By contrast, the gemara in Avoda Zara (15) presents a different picture. The gemara describes Rava having sold wine to a gentile, thereby creating a potential for idolatrous libations. This scenario is a classic case of lifnei iver; as selling wine to a gentile will enable him to violate a prohibition. Rava chased the gentile to retrieve the wine, presumably to eliminate any lifnei iver concerns. This gemara implies that lifnei iver is violated only if and when the ultimate enabled sin is violated; until then, Rava was trying to avoid a violation of lifnei iver.

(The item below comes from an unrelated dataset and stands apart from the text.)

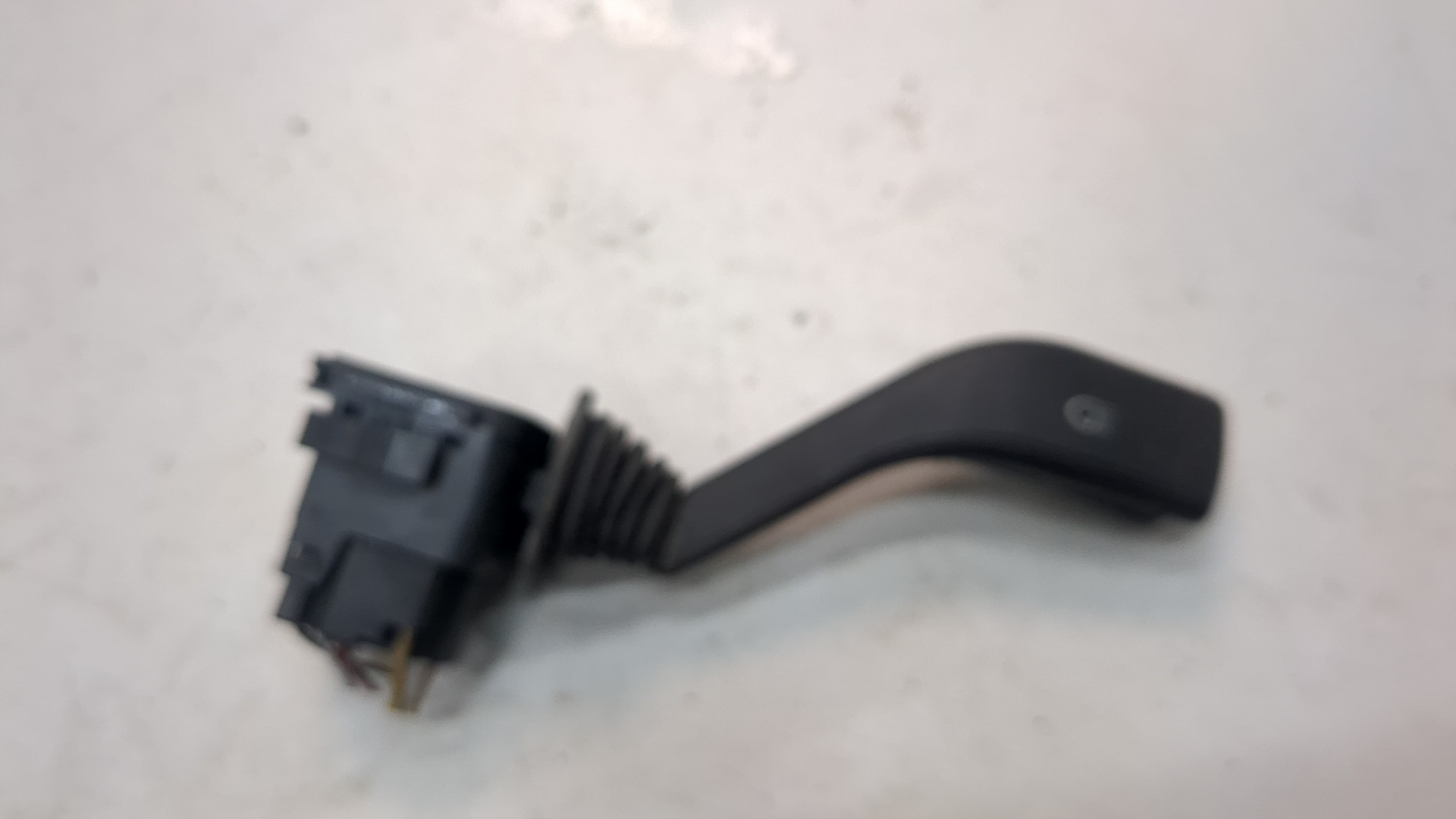 Переключатель поворотов подрулевой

The question of whether lifnei iver is immediately violated or violated only once the ultimate aveira is performed, is the subject of a debate among the Acharonim. Presumably, this technical debate reflects a larger question about how to understand the prohibition of lifnei iver. Perhaps lifnei iver is forbidden because it contributes to the ultimate sin; by facilitating the sin, the enabler is participating in the aveira. From this perspective, lifnei iver should only apply when the sin is actually perpetrated. However, the language of the pasuk – which literally prohibits placing a stumbling block before the blind – implies that the violation of lifnei iver entails merely creating a halakhic hazard - a mikhshol. The mere creating of a potential halakhic hazard is forbidden, even no one actually “stumbles” and the aveira is never realized. Thus, the question is: Is lifnei iver forbidden because of the contribution to the ultimate aveira or based on the very creation of a halakhic hazard?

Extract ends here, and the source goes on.